Here’s how: As far back as I remember, I filled sketchbooks with picture narratives of animal characters romping at the beach, playing ball, having picnics. No doubt I was inspired by the books our mom read us every day, ones with animal characters – The Wind in the Willows, Dr. Dolittle, Just So Stories and 101 Dalmatians.
By second grade I drew groundhog families living an alternative lifestyle in underground homes where they used cleverly crafted acorn-cap cups and oak leaf plates. When my classmates badgered me for copies, I figured out how to use carbon paper to create more than one at a time. That was also the year I penned – penciled, actually – “The Lonely Easter Bunny”, a rhythmic rhyming poem that I recited for my class.
In sixth grade, my budding concern for social issues showed in my “Ban the Litterbug,” a story about a cop who invented a tool he could aim at litter on the ground, zap and disintegrate it. Then there was the character I named Rhea Barton, “a business woman,” an idea that fascinated me (obvious by how often I refer to her as “a business woman”) as I lived in a suburb full of housewives back then.

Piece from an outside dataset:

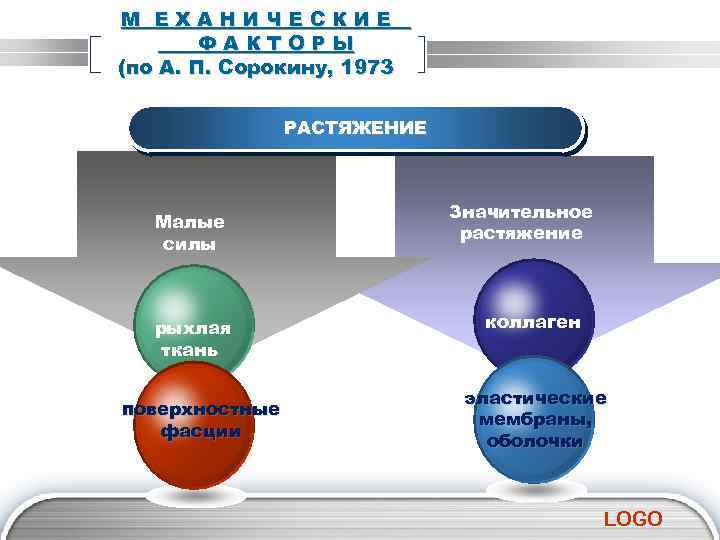 М ЕХАНИЧЕСКИЕ ФАКТОРЫ (по А. П. Сорокину, 1973 РАСТЯЖЕНИЕ Малые силы рыхлая ткань поверхностные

My brother still meted out harsh criticism of the fanciful stories I was writing in 7th grade while he was reading the works of Freud and Alan Watts’ books on eastern religions. I plowed on, despite his naysaying.
My high school English teacher invited me into her special Creative Writing class. Those were stressful times when I wrote an existential story that depresses me even now. But as graduation approached I wrote something fun, “The Best for Last”, about a little boy alone all day in an apartment. (I knew no one who lived in apartments and left their kid home alone). Even on his birthday his mom went to work and while she was out he received a series of three mysterious packages: Out of the first one popped the Mumblecrum, a chaotic and disruptive creature. The second contained the obsessive-compulsive Twitchnickety. And the final one — the best for last — was a little boy just like himself who was perfect company. The next year, a friend in art school in New York said she’d illustrate it, and we’d get it published. I never saw her again.
In all these stories, oddballs did extraordinary things in places I only imagined. I wanted to do those things and visit those places and set out to do so.
Now I present “Sylvie Denied,” a coming of age story about someone who goes to all the wrong places and meets all the wrong people as she struggles to find where she fits. She shares a lot in common with me.